With the federal election around the corner, penalty rates are a hot topic as Gilmore residents debate whether they will boost or bust the region.
New modelling from The McKell Institute, founded by Victorian Premier Daniel Andrews MP, examined the impact of the two major parties' penalty rate policies and found workers in the electorate of Gilmore would receive $18.9 million more pay under a Labor government.
The Labor party has promised to increase penalty rates within the first 100 days of office, with the Coalition poised to keep the current rate.
Worker at the Bake House in Nowra, Jessie Sharp, said she used to rely on penalty rates to make up her paycheck and cover university costs.

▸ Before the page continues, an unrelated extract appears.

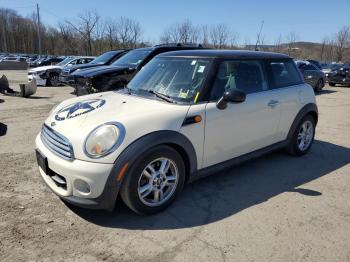  Salvage MINI Cooper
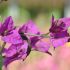 Bougainvillier 'Sanderiana Elisabeth'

"The penalty rates used to be very helpful," Ms Sharp said.
"It's hard to get Sunday work and you can't count on it."
Owner of the Deli on Kinghorne in Nowra, Tonya Hughes, said penalty rates were never fully removed.

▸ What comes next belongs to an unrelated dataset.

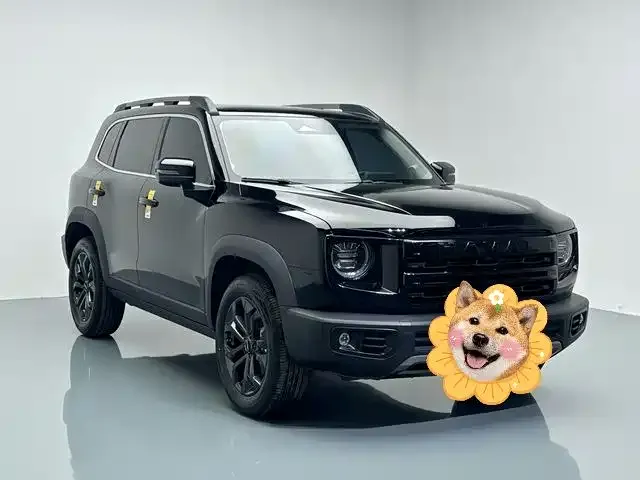 Haval Big Dog 2024 из CN, фото 6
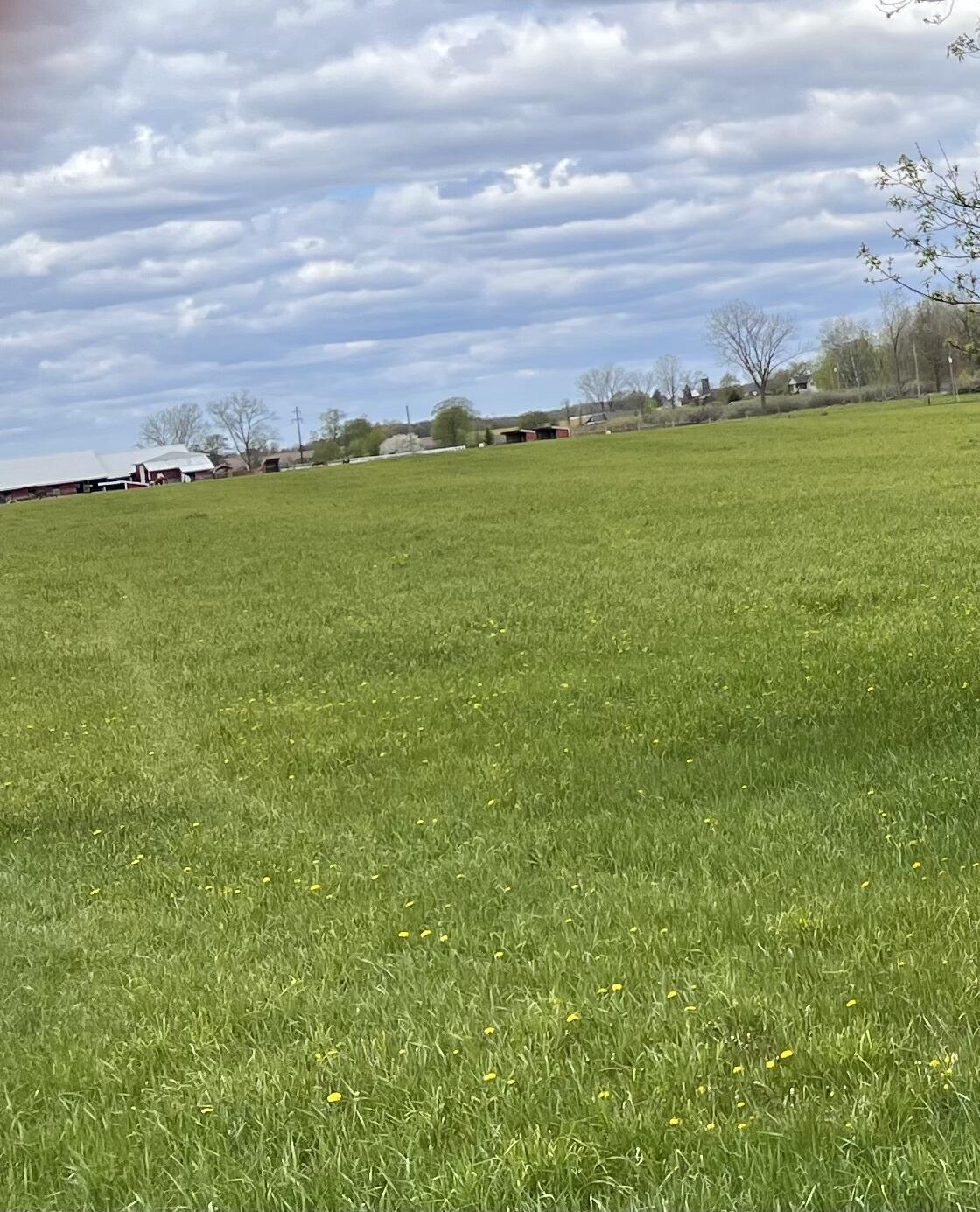 C Howard City Edmore Road Lakeview, MI 48850 - Photo 1 of 1 flat land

"I pay my adult staff $24.34 per hour on weekdays, $29 on Saturdays and $34 on Sundays, as far as I'm concerned that's penalty rates," Ms Hughes said.
"If the rate goes up, I'll have to cut shifts."
Ms Hughes said her biggest cost was staff.
The cafe owner pays between $7000 and $8000 in wages every week.
"If the cost goes up, [hiring more staff] won't be viable in any shape or form," Ms Hughes said.
"The penalty rate increase won't have any positive impact on the economy."
Acting chief executive of the McKell Institute, James Pawluk, said the penalty rates would be beneficial to the community.
"Pretty much all of this $18.9 million would be pumped straight back into the Gilmore economy under Labor's policy, because people who earn Sunday penalty rates are overwhelmingly likely to spend them locally," Mr Pawluk said.